Data extracted from a collection

━━━━━━━━━━

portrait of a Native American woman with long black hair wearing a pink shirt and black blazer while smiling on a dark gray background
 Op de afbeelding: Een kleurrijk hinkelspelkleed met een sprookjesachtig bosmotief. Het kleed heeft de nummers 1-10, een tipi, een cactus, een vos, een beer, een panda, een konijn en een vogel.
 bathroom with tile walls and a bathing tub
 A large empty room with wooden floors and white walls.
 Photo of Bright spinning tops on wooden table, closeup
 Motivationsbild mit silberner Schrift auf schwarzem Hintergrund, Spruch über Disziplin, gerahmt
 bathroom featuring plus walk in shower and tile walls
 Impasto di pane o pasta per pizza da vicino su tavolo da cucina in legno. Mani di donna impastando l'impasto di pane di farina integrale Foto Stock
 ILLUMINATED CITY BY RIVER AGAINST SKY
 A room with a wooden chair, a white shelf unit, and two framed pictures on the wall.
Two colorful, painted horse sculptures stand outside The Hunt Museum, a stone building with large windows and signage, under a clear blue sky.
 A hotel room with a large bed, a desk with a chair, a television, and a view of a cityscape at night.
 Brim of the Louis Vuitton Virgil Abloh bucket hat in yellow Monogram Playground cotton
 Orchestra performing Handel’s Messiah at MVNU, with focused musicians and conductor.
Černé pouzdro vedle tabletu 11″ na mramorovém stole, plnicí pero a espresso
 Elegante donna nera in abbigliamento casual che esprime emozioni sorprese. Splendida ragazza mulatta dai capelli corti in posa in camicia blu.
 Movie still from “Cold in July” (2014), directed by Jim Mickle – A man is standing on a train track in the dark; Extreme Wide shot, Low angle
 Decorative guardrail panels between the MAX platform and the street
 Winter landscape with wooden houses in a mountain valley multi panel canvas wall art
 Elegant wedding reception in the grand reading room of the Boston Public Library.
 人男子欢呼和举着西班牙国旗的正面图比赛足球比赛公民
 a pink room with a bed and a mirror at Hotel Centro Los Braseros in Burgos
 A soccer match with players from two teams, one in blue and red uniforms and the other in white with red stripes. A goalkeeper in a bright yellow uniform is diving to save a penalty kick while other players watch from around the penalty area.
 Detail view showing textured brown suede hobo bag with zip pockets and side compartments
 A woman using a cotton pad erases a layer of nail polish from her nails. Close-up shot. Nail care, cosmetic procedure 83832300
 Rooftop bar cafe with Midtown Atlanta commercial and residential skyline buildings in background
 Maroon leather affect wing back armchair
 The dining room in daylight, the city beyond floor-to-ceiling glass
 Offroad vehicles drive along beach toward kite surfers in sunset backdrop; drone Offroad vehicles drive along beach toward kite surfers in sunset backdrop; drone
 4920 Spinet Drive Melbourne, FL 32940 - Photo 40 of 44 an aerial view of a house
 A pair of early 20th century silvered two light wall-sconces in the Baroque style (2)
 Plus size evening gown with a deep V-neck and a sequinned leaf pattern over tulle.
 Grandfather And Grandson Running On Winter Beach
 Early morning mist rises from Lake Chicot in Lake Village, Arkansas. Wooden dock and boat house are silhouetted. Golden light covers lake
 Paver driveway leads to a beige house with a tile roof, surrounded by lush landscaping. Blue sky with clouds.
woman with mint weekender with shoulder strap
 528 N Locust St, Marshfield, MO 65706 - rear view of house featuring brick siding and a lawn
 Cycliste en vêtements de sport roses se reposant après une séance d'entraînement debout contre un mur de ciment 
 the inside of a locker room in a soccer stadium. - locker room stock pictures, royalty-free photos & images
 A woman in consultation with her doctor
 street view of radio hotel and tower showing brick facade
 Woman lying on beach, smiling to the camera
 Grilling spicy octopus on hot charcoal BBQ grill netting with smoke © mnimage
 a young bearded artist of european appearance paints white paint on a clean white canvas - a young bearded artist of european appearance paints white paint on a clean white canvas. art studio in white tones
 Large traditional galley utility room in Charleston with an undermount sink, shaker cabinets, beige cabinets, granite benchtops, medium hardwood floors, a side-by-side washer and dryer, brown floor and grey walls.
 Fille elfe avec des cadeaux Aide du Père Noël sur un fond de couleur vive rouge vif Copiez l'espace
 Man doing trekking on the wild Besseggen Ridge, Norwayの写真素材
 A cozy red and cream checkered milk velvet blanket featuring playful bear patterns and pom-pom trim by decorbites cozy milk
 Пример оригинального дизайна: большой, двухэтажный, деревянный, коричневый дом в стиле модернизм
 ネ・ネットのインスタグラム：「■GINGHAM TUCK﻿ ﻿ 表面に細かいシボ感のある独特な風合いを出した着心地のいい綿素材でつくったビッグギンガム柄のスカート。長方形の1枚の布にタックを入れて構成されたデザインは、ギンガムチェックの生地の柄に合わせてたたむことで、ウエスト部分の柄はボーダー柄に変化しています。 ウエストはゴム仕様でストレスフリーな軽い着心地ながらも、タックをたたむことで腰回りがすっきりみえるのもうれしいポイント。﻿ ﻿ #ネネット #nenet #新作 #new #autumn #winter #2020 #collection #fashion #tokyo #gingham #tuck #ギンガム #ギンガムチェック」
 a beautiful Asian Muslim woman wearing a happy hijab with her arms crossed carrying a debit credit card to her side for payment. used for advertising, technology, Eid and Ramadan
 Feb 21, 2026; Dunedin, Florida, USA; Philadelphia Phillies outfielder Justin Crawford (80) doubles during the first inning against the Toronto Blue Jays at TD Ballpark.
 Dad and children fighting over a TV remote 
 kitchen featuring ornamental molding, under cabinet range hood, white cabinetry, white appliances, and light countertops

━━━━━━━━━━

TASK TO COMPLETE: Could you write out the full data verbatim?

ANSWER SECTION:
portrait of a Native American woman with long black hair wearing a pink shirt and black blazer while smiling on a dark gray background
 Op de afbeelding: Een kleurrijk hinkelspelkleed met een sprookjesachtig bosmotief. Het kleed heeft de nummers 1-10, een tipi, een cactus, een vos, een beer, een panda, een konijn en een vogel.
 bathroom with tile walls and a bathing tub
 A large empty room with wooden floors and white walls.
 Photo of Bright spinning tops on wooden table, closeup
 Motivationsbild mit silberner Schrift auf schwarzem Hintergrund, Spruch über Disziplin, gerahmt
 bathroom featuring plus walk in shower and tile walls
 Impasto di pane o pasta per pizza da vicino su tavolo da cucina in legno. Mani di donna impastando l'impasto di pane di farina integrale Foto Stock
 ILLUMINATED CITY BY RIVER AGAINST SKY
 A room with a wooden chair, a white shelf unit, and two framed pictures on the wall.
Two colorful, painted horse sculptures stand outside The Hunt Museum, a stone building with large windows and signage, under a clear blue sky.
 A hotel room with a large bed, a desk with a chair, a television, and a view of a cityscape at night.
 Brim of the Louis Vuitton Virgil Abloh bucket hat in yellow Monogram Playground cotton
 Orchestra performing Handel’s Messiah at MVNU, with focused musicians and conductor.
Černé pouzdro vedle tabletu 11″ na mramorovém stole, plnicí pero a espresso
 Elegante donna nera in abbigliamento casual che esprime emozioni sorprese. Splendida ragazza mulatta dai capelli corti in posa in camicia blu.
 Movie still from “Cold in July” (2014), directed by Jim Mickle – A man is standing on a train track in the dark; Extreme Wide shot, Low angle
 Decorative guardrail panels between the MAX platform and the street
 Winter landscape with wooden houses in a mountain valley multi panel canvas wall art
 Elegant wedding reception in the grand reading room of the Boston Public Library.
 人男子欢呼和举着西班牙国旗的正面图比赛足球比赛公民
 a pink room with a bed and a mirror at Hotel Centro Los Braseros in Burgos
 A soccer match with players from two teams, one in blue and red uniforms and the other in white with red stripes. A goalkeeper in a bright yellow uniform is diving to save a penalty kick while other players watch from around the penalty area.
 Detail view showing textured brown suede hobo bag with zip pockets and side compartments
 A woman using a cotton pad erases a layer of nail polish from her nails. Close-up shot. Nail care, cosmetic procedure 83832300
 Rooftop bar cafe with Midtown Atlanta commercial and residential skyline buildings in background
 Maroon leather affect wing back armchair
 The dining room in daylight, the city beyond floor-to-ceiling glass
 Offroad vehicles drive along beach toward kite surfers in sunset backdrop; drone Offroad vehicles drive along beach toward kite surfers in sunset backdrop; drone
 4920 Spinet Drive Melbourne, FL 32940 - Photo 40 of 44 an aerial view of a house
 A pair of early 20th century silvered two light wall-sconces in the Baroque style (2)
 Plus size evening gown with a deep V-neck and a sequinned leaf pattern over tulle.
 Grandfather And Grandson Running On Winter Beach
 Early morning mist rises from Lake Chicot in Lake Village, Arkansas. Wooden dock and boat house are silhouetted. Golden light covers lake
 Paver driveway leads to a beige house with a tile roof, surrounded by lush landscaping. Blue sky with clouds.
woman with mint weekender with shoulder strap
 528 N Locust St, Marshfield, MO 65706 - rear view of house featuring brick siding and a lawn
 Cycliste en vêtements de sport roses se reposant après une séance d'entraînement debout contre un mur de ciment 
 the inside of a locker room in a soccer stadium. - locker room stock pictures, royalty-free photos & images
 A woman in consultation with her doctor
 street view of radio hotel and tower showing brick facade
 Woman lying on beach, smiling to the camera
 Grilling spicy octopus on hot charcoal BBQ grill netting with smoke © mnimage
 a young bearded artist of european appearance paints white paint on a clean white canvas - a young bearded artist of european appearance paints white paint on a clean white canvas. art studio in white tones
 Large traditional galley utility room in Charleston with an undermount sink, shaker cabinets, beige cabinets, granite benchtops, medium hardwood floors, a side-by-side washer and dryer, brown floor and grey walls.
 Fille elfe avec des cadeaux Aide du Père Noël sur un fond de couleur vive rouge vif Copiez l'espace
 Man doing trekking on the wild Besseggen Ridge, Norwayの写真素材
 A cozy red and cream checkered milk velvet blanket featuring playful bear patterns and pom-pom trim by decorbites cozy milk
 Пример оригинального дизайна: большой, двухэтажный, деревянный, коричневый дом в стиле модернизм
 ネ・ネットのインスタグラム：「■GINGHAM TUCK﻿ ﻿ 表面に細かいシボ感のある独特な風合いを出した着心地のいい綿素材でつくったビッグギンガム柄のスカート。長方形の1枚の布にタックを入れて構成されたデザインは、ギンガムチェックの生地の柄に合わせてたたむことで、ウエスト部分の柄はボーダー柄に変化しています。 ウエストはゴム仕様でストレスフリーな軽い着心地ながらも、タックをたたむことで腰回りがすっきりみえるのもうれしいポイント。﻿ ﻿ #ネネット #nenet #新作 #new #autumn #winter #2020 #collection #fashion #tokyo #gingham #tuck #ギンガム #ギンガムチェック」
 a beautiful Asian Muslim woman wearing a happy hijab with her arms crossed carrying a debit credit card to her side for payment. used for advertising, technology, Eid and Ramadan
 Feb 21, 2026; Dunedin, Florida, USA; Philadelphia Phillies outfielder Justin Crawford (80) doubles during the first inning against the Toronto Blue Jays at TD Ballpark.
 Dad and children fighting over a TV remote 
 kitchen featuring ornamental molding, under cabinet range hood, white cabinetry, white appliances, and light countertops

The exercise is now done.